Today’s report of 1,199 new cases brings the state’s total up to 331,863 and with 9 additional deaths, 7,494 Mississippians have passed away from the virus.
As cases, hospitalizations and other indicators rise, health officials have warned that the dreaded fourth wave of the pandemic has arrived. While the state continues to fight vaccine hesitancy, State Health Officer Dr. Thomas Dobbs did tweet some encouraging news on the vaccine front.
Vaccination numbers up this week – and on track to be higher this week. Just heard from immunization dept that we are inundated with orders from docs and clinics.
Thank you MS docs and providers!
Please be safe, everyone.
— thomas dobbs (@TCBPubHealth) July 22, 2021
Dr. Dobbs also tweeted a link to a study that shows that the vaccine remains highly effective against the Delta variant, which has become the dominant strain in Mississippi and across the nation.
Active outbreaks in Mississippi long-term care facilities have seen a large rise in recent weeks, increasing from 12 in late June to 57 in today’s report. Currently, there is no plan to scale back on visitation in these facilities, but officials continue to urge employees to get vaccinated to better protect against outbreaks.

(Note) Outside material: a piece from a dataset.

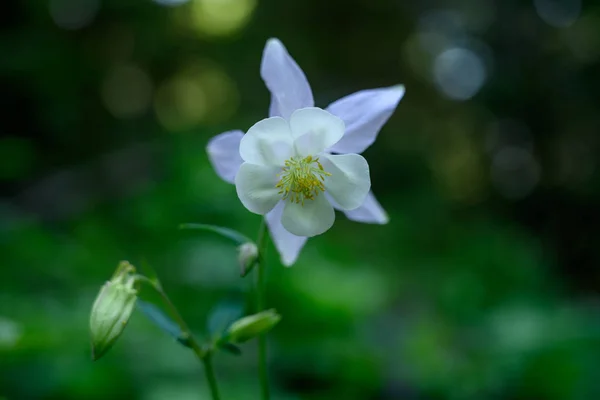 White and Purple Columbine with selective focus — 스톡 사진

“At this time, neither CDC or CMS has changed their stance on long term care visitation recommendations. Facilities are managing visitation quite well based on the current guidelines and testing requirements with many using unique approaches to ensure the safety of their residents. The hurdle they face is the fact that employee vaccination rates in these facilities are quite low overall. Until these reach higher levels we will continue to see active outbreaks,” Melissa Parker, Director of Licensure and Certification with MSDH, said.
MSDH continues to recommend that all Mississippians over the age of 65 and the immunocompromised avoid large indoor gatherings.